With scope to expand CSIA limited by its location, the Indian government has given the go-ahead for a new international airport to be built on the outskirts of the city.
Named Navi Mumbai International Airport, it will be managed by a private company on a similar model to CSIA. So does Reddy see it as a potential threat? Not at all he says, as Navi is intended to be primarily a domestic airport.
“It is not going to be a threat at all. We have a very unique situation. Perhaps Mumbai is the only case in the world in which an international airport is rebuilt but because of traffic increases,
a new secondary airport is built. Typically, the existing airport is destroyed or turned into a secondary airport.”
Reddy also points out that GVK can bid to also run Navi Mumbai and if this contract was forthcoming “we would develop it as a complementary airport to the facility we have here and not competing for traffic.”
Bengaluru’s traffic grew rapidly after its completion, and once again, the Indian government’s brief was that the private operator should expand the facility and improve services as befitting of an airport that serves as the home of the country’s burgeoning IT capital which has been described as the Silicon Valley of India.
A year after taking over Bengaluru, operating company Bangalore International Airport Ltd (BIAL) unveiled an ambitious development programme including the expansion of the existing Terminal 1 to cater for 36 million passengers.
Work began in August 2011 at a cost of $221 million, and involves the extension of the terminal in both directions with improvements including better access to seating, amenities and commercial facilities and smoother check-in and departure processing.

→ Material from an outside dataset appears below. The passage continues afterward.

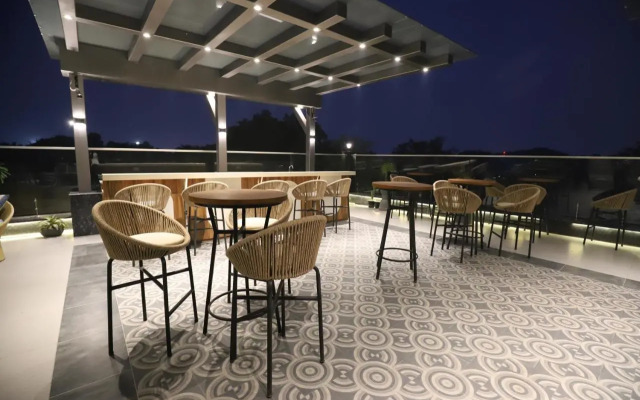 The Pristine Hotel Kanpur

The project is expected to be completed by the summer of 2013.
“When we decided to expand Bengaluru, our priority first and foremost was to improve the passenger facility and expand the terminal because there was a dire need for more capacity as it was handling more than 12 million passengers. With the completion of this work, the facilities will be able to handle between 18-20 million,” explains Reddy.

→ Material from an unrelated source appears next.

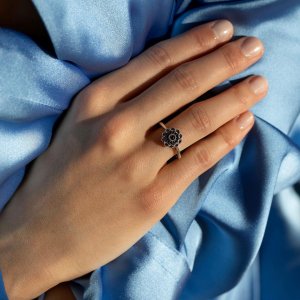 Vzpomeňte si na Mezinárodní den žen na tu nejdůležitější ženu vašeho života a překvapte ji výjimečným šperkem. 💍 #klenotyaurum #klenotyslaskouuz65let #sperk #sperkzlasky #jewelry #love #ring #prsten #diamond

Passengers will also experience “a next generation of facilities and amenities”, beams Reddy.
Meanwhile, BIAL is pursuing a route development strategy that centres on making Bengaluru the gateway to southern India. In 2011, the airport attracted six new international airlines including Etihad, Tiger, Cathay Pacific and Bangkok Airways.

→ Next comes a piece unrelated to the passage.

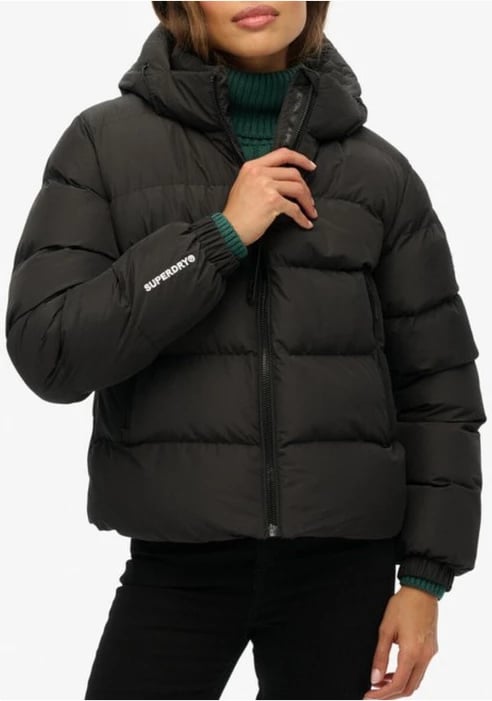 Jakne Superdry femra, e zezë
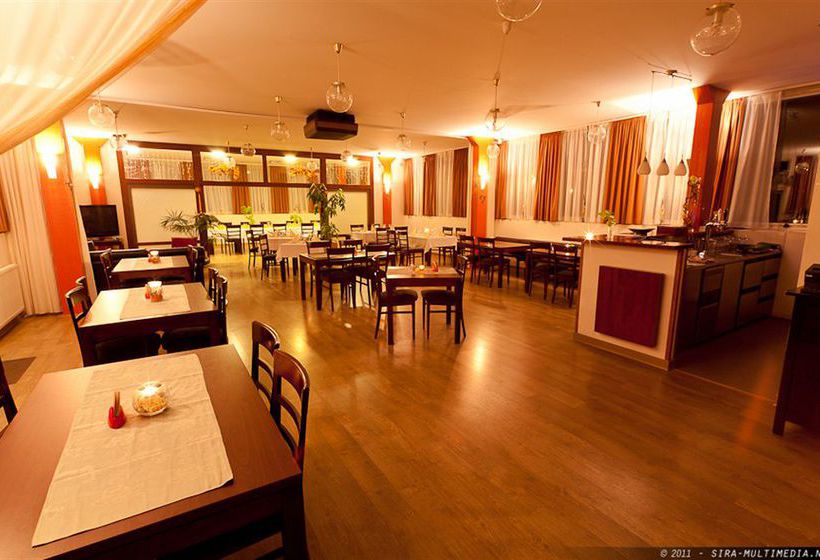 Hotel Zamecek Kaplice 9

According to Reddy, BIAL sees IndiGo and Jet Airways as partners who can help develop the airport’s regional network further.
In November 2012, GVK took a step in a new direction with the signing of a contract with Airports Authority of Indonesia (Angkasa Pura Airports) to manage to manage non-aeronautical commercial operations at Bali’s Ngurah Rai ‘Denpasar’ International Airport under a five-year operations and management contract.
Ngurah Rai is Indonesia’s second busiest airport after the capital, Jakarta, and is severly congested leading to the need for an overhaul of its facilties.
GVK also has signed a memorandum of understanding with the Indonesian government to develop an international greenfield airport in Yogyakarta in central Java.
Reddy is excited about the prospects of both projects.
“The government is very keen on the [Yogyakarta] project; there is a lot of potential as a tourism attraction but currently transport is severely limited.”
With GVK’s already long experience of managing and modernising overcrowded airports into award winning facilities, they should have little trouble with their new Indonesian projects.